Certainly there have been a few huge web entities that have transformed categories of marketing. Google has essentially replaced the yellow pages. iTunes has redefined the music industry. Amazon has had an enormous effect on the publishing industry and certain other retail activities.
Yet despite all the hype, most levelheaded marketers are struggling mightily to convince themselves that the web is a worthwhile advertising medium.
After 15 years as a mainstream consumer medium, television had been instrumental in creating hundreds of consumer-facing brands in dozens of categories.
But after 15 years of web advertising, I can't come up with a single major consumer-facing non-web-native brand that online advertising has been responsible for building. Not one major brand of beer, or shampoo, or cereal, or soda, or tires, or...
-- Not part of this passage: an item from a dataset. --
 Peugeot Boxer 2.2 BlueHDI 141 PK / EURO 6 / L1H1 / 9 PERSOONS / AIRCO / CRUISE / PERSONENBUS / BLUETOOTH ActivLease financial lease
We're not even sure what web advertising is. Is it display ads? Or YouTube videos? Or Google listings? Or emails? Or Tweets? Or "content?" Is it whatever next week's emperor's-new-podcast turns out to be? Or is it just lemmings throwing a lot of different stuff at the medium and hoping something sticks? Because if it is, the only thing sticking right now is Google.
Our online creatives still can't figure out how to motivate a click. Our online media gurus spend half their time torturing the numbers to make them appear palatable.
Fifteen years after advertisers first jumped onto the web, the medium still hasn't convinced me of its purported magic. And if the Facebook face plant is any indication, I am not alone.
Meanwhile, television has proven to be amazingly resilient. Despite the web's popularity, TV viewership is higher than ever. Ad skipping has not been the disaster all the marketing geniuses said it would be. 98% of all video is still viewed on a television.
It is time for the advertising and marketing industries to call a time out, take a deep breath, turn off the online hype machine, and take a look around.
We knew TV was a powerful advertising medium, but it's taken the web to teach us just how powerful it really is.